Search code examples
pythonbeautifulsoupweb-crawlerurllib

Web scraping of research paper on IEEE Xplore website using BeautifulSoup and request Python libraries


I am trying to scrape the Abstract of the research paper on IEEE Xplore website, link :. For this I used urllib library and Beautifulsoup in Python(3.10.9). Below is the code i have used:

`

    from urllib.request import Request, urlopen
    from bs4 import BeautifulSoup

    url = 'https://ieeexplore.ieee.org/document/8480057'

    headers = {"User-Agent":'Mozilla/5.0 (Windows NT 10.0; Win64; x64) AppleWebKit/537.36 (KHTML, like Gecko) Chrome/114.0.0.0 Safari/537.36'}

    req = Request(url, headers=headers)
    response = urlopen(req, timeout=10)
    html_text = response.read()

    soup = BeautifulSoup(html_text, "html.parser")
    # Find the element containing the abstract
    abstract_element = soup.find("div", class_="u-pb-1")
    # Extract the text from the abstract element
    abstract = abstract_element.text.strip()
    # Print the abstract
    print(abstract)

`

Here i have attached the screenshot of html part having Abstract.

I am getting AttributeError: 'NoneType' object has no attribute 'text' for abstract.

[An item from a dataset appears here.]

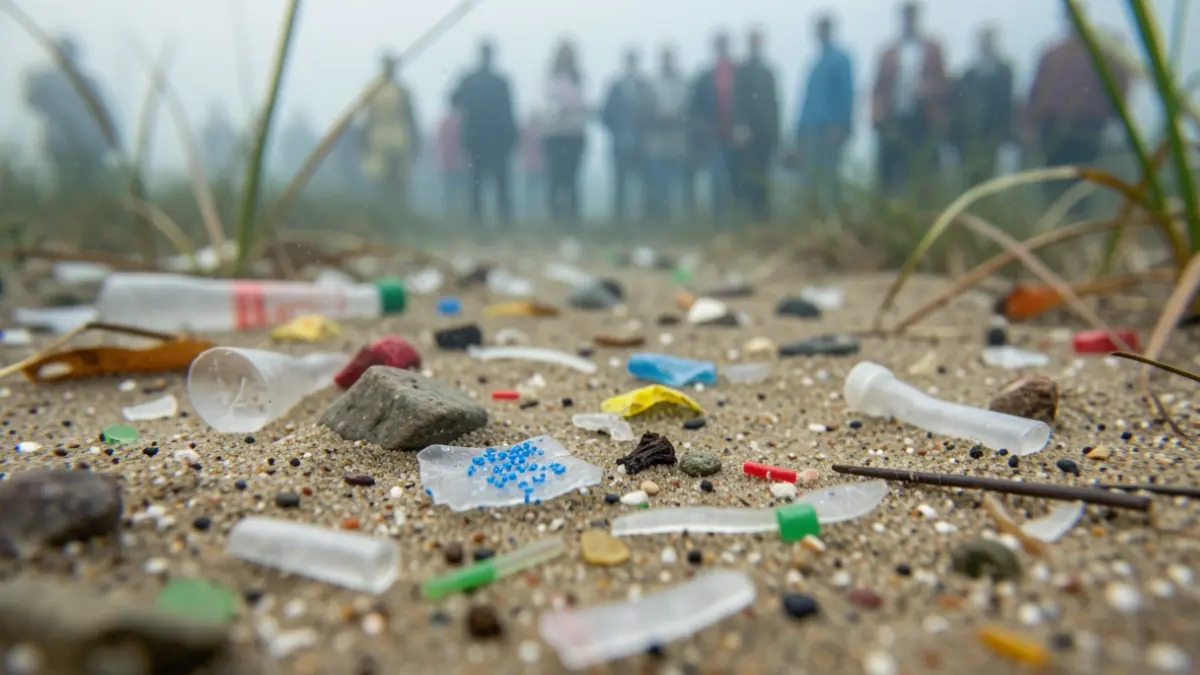 Imagen genérica de residuos marinos plásticos acumulados en el fondo marino.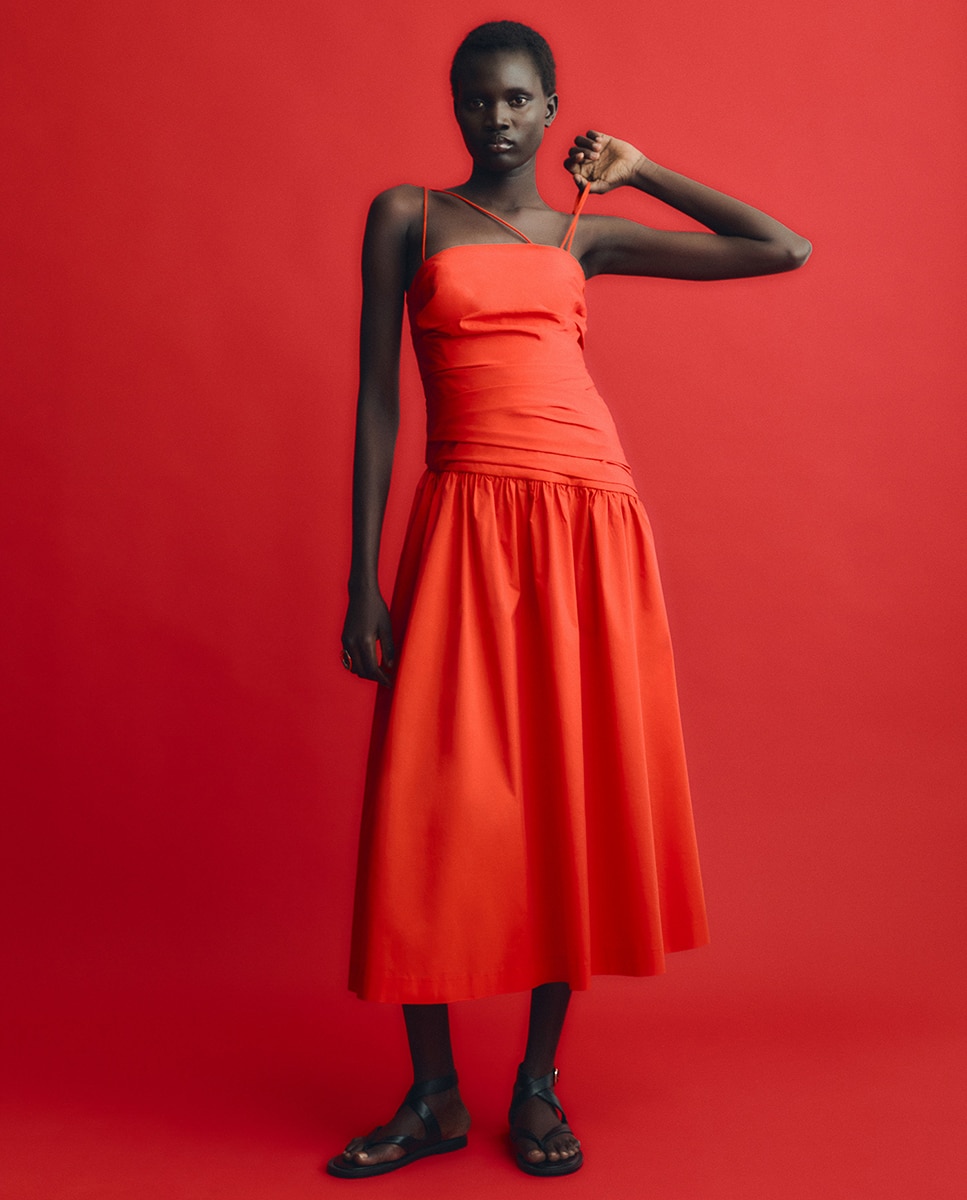 Sfera - Vestido tirantes drapeado.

I got the value of soup. But I don't know how to get the Abstract text. I am new to web scraping. I have tried a lot but didn't able to solve it. Please help me to solve this problem. Thanks.


Solution

  • In this case it's actually possible to get the abstract without the need for Selenium. I generally use the requests library and css selectors in BeautifulSoup and that's what I did here:

    import requests
    req = requests.get(url, headers=headers)
    soup = BeautifulSoup(req.text, "html.parser")
    

    and then simply:

    print(soup.select_one('meta[property="og:description"]')['content'])
    

    The output should be the abstract.